### [TASK TO COMPLETE]
Give the data again in full, without pictures.

[Items from a data source]
□ □ □ □ □
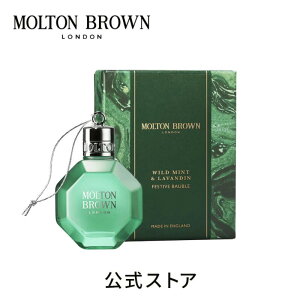 ���|�C���g10�{�I12/19 20:00 ~12/26 01:59���y�����F���ʌ��� / �A�E�g���b�g�z ���C���h�~���g&���o���W�� �o�X���V�����[�W�F�� �t�F�X�e�B�u�{�[�u�� 75ml�bMOLTON BROWN �����g���u���E��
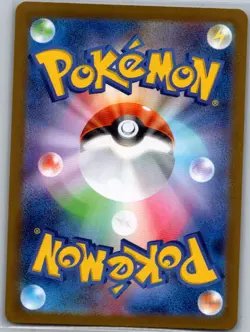 Heat Burner - 101/080 101/80 Japanese M2: Inferno X - Pokemon Card - NM - Image 2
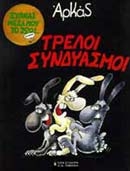 Τρελοί συνδυασμοί Τρελοί συνδυασμοί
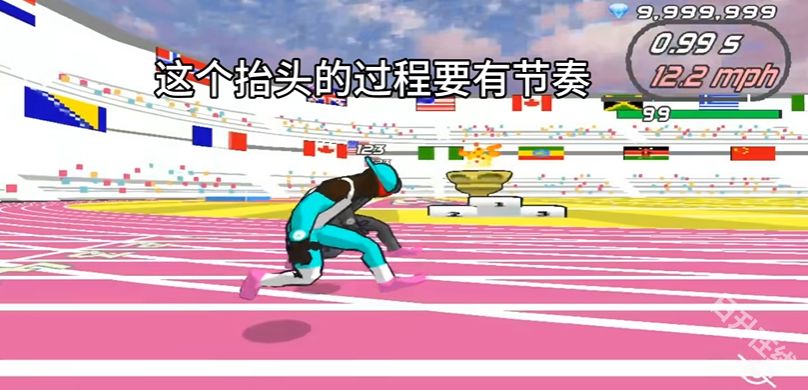 速度之星中文版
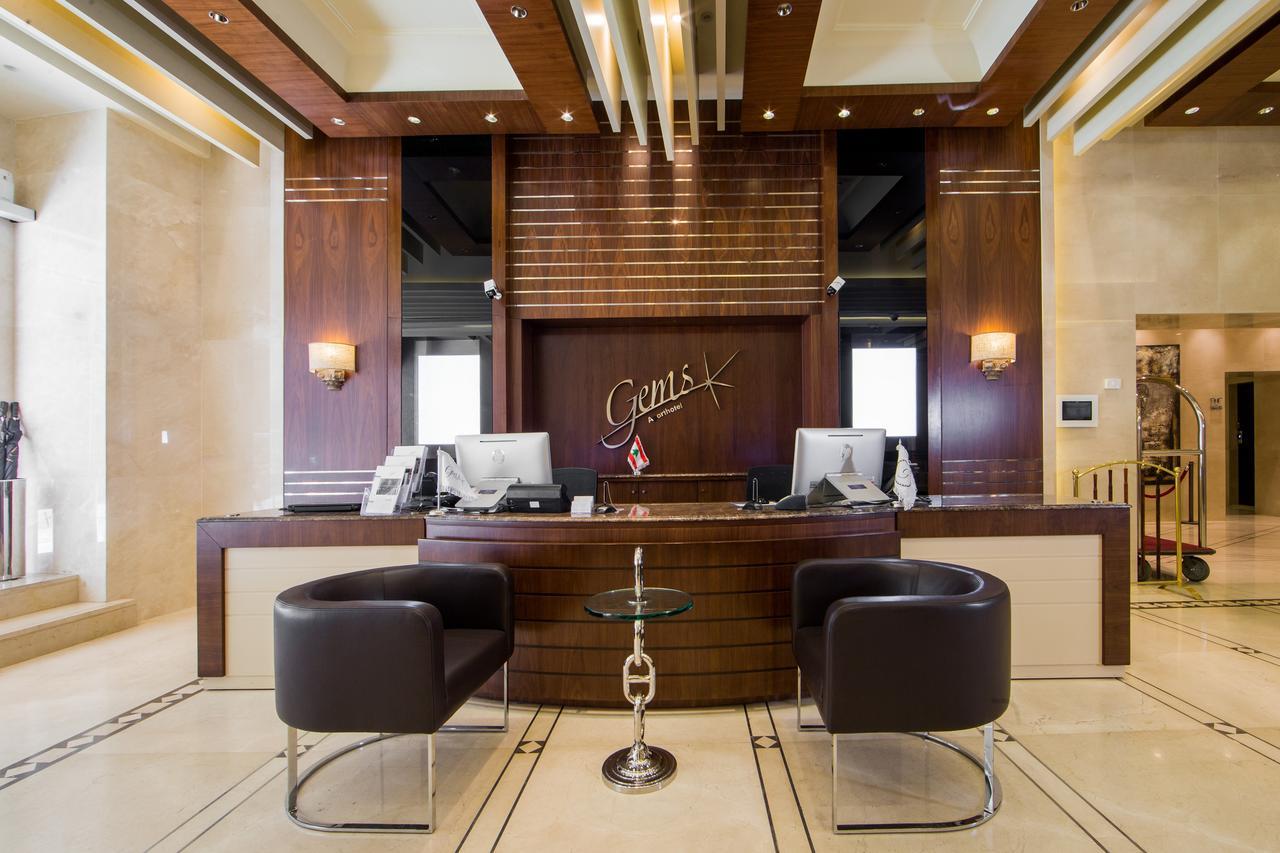 Gems Hotel Beirut Eksteriør bilde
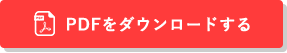 PDFをダウンロードする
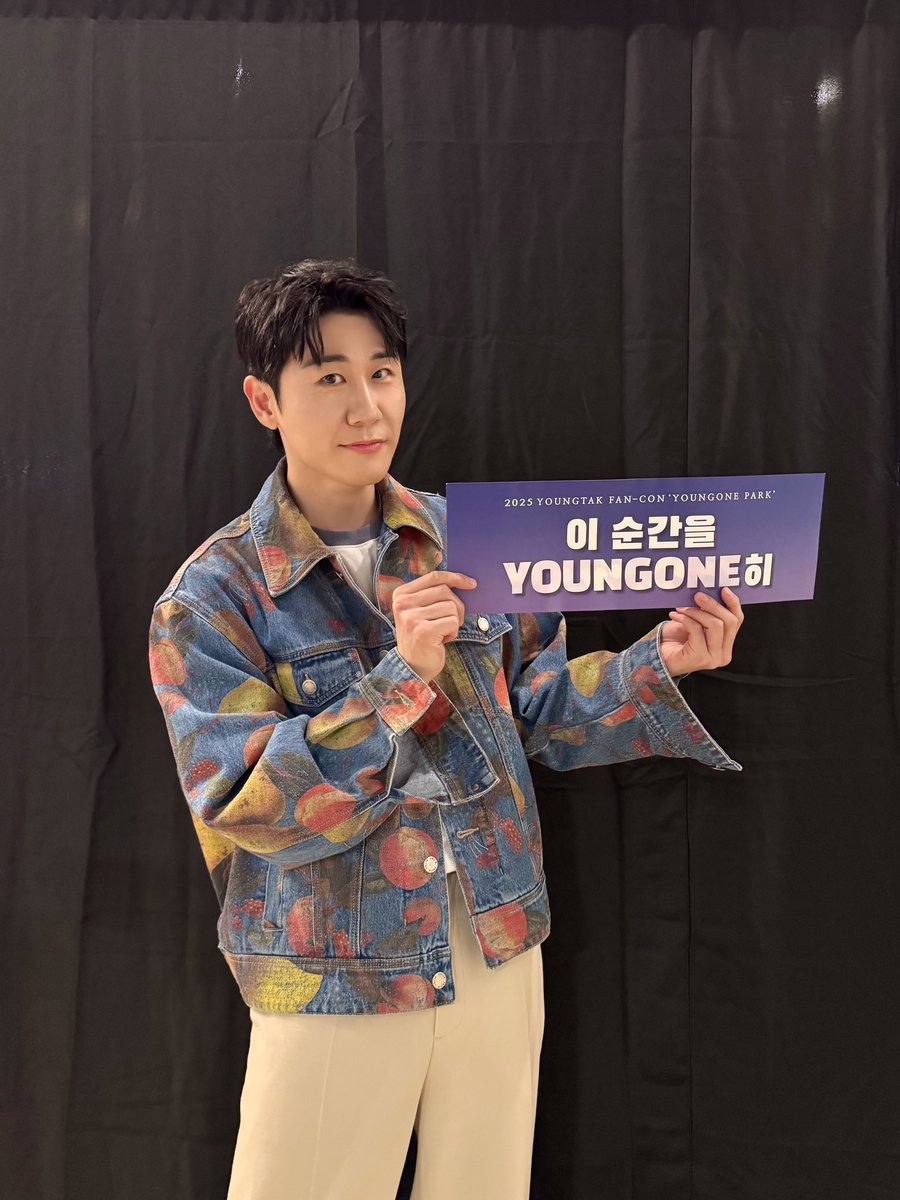 YOUNGTAK_ABYSS's tweet photo. [📸]
2025 YOUNGTAK FAN-CON 'YOUNGONE PARK' 1일차 운영 종료✨

영원파크를 찾아주신 영블스! 
오늘 하루 즐거운 시간 보내셨나요?

#영탁 #YOUNGTAK 
#영원파크 #YOUNGONEPARK https://t.co/ZBIb6Mab9I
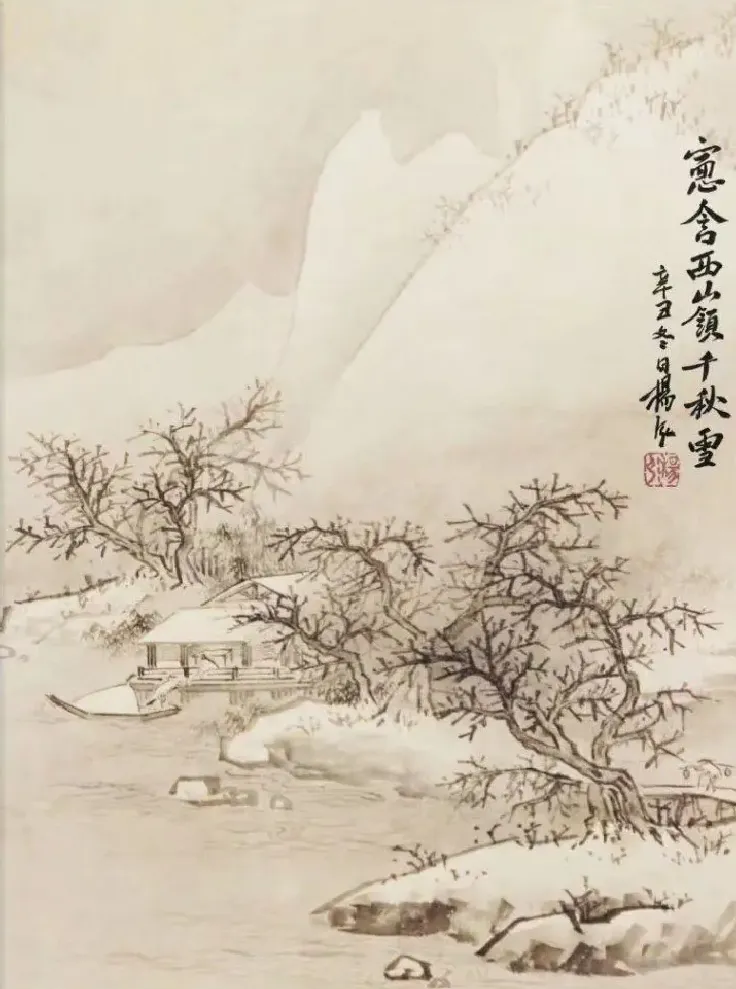 杨泓·作品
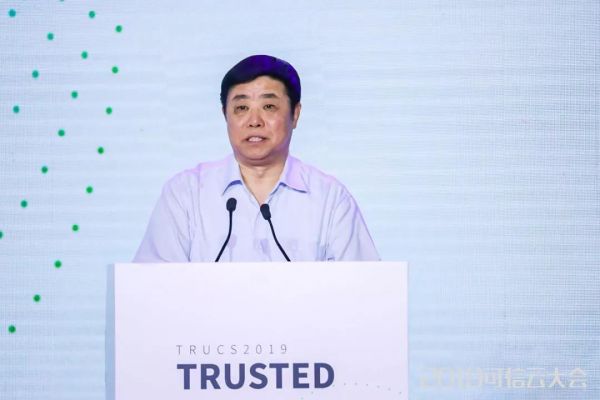 微信图片_20190704113848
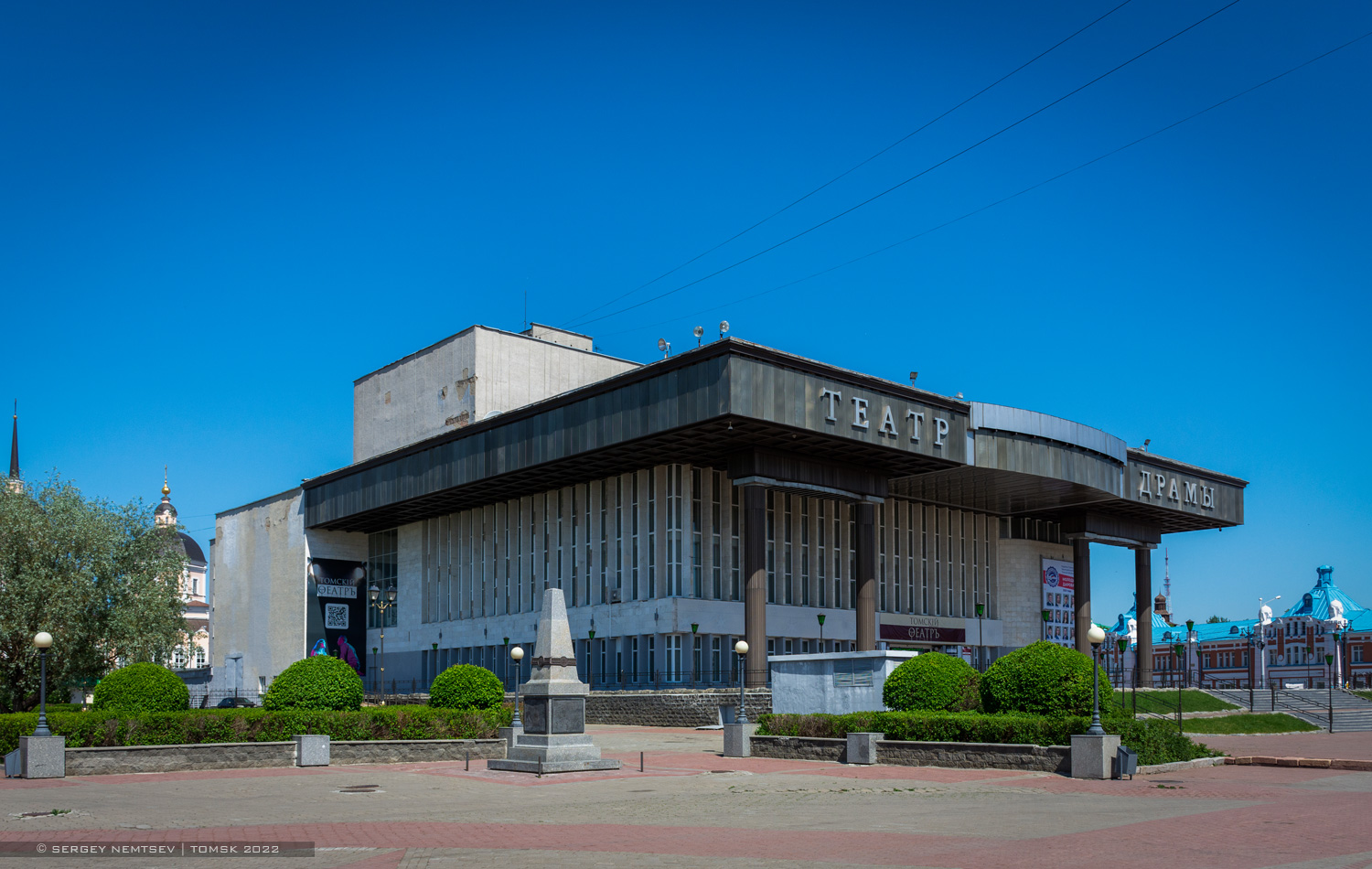 Томск, ​Площадь Ленина, 4​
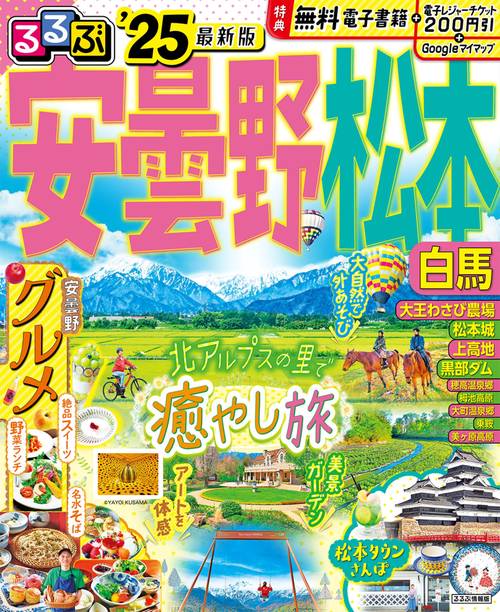 るるぶ安曇野 松本 白馬'25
□ □ □ □ □
### [THE COMPLETED TASK]
 ���|�C���g10�{�I12/19 20:00 ~12/26 01:59���y�����F���ʌ��� / �A�E�g���b�g�z ���C���h�~���g&���o���W�� �o�X���V�����[�W�F�� �t�F�X�e�B�u�{�[�u�� 75ml�bMOLTON BROWN �����g���u���E��
 Heat Burner - 101/080 101/80 Japanese M2: Inferno X - Pokemon Card - NM - Image 2
 Τρελοί συνδυασμοί Τρελοί συνδυασμοί
 速度之星中文版
 Gems Hotel Beirut Eksteriør bilde
 PDFをダウンロードする
 YOUNGTAK_ABYSS's tweet photo. [📸]
2025 YOUNGTAK FAN-CON 'YOUNGONE PARK' 1일차 운영 종료✨

영원파크를 찾아주신 영블스! 
오늘 하루 즐거운 시간 보내셨나요?

#영탁 #YOUNGTAK 
#영원파크 #YOUNGONEPARK https://t.co/ZBIb6Mab9I
 杨泓·作品
 微信图片_20190704113848
 Томск, ​Площадь Ленина, 4​
 るるぶ安曇野 松本 白馬'25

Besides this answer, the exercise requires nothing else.